### AIM OF THE TASK
Your copy starts at the line containing "หัวอ่านบัตร สั่งเปิด ไม้กั้นรถ" and ends at the last line below. Copy exactly, without pictures.

[GIVEN INFORMATION]

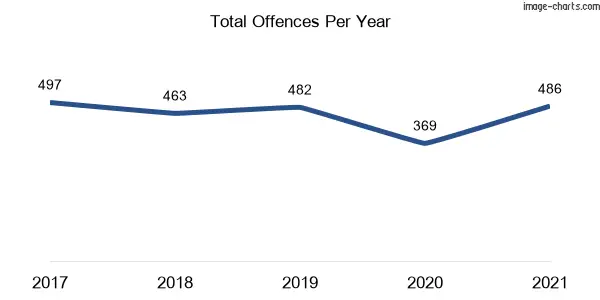 60-month trend of criminal incidents across Erskineville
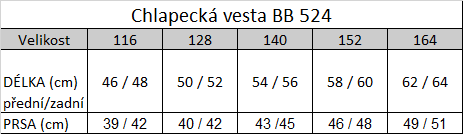 Tabuľka veľkostí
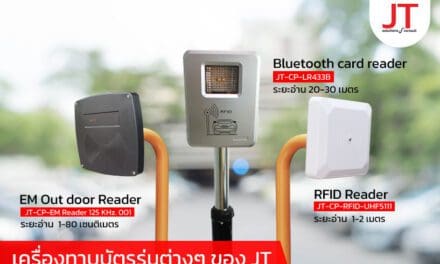 เครื่องอ่านบัตร  และ บัตรคีย์การ์ดไม้กั้น หัวอ่านบัตร สั่งเปิด ไม้กั้นรถ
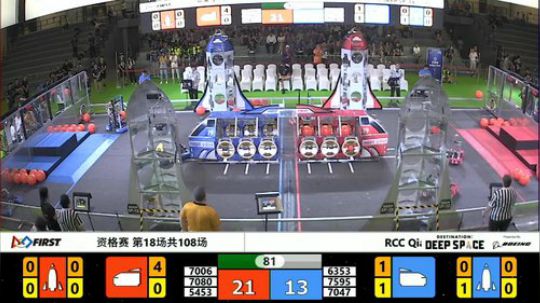 RCC2019-资格赛第18场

[/GIVEN INFORMATION]

### RESPONSE BOX
 เครื่องอ่านบัตร  และ บัตรคีย์การ์ดไม้กั้น หัวอ่านบัตร สั่งเปิด ไม้กั้นรถ
 RCC2019-资格赛第18场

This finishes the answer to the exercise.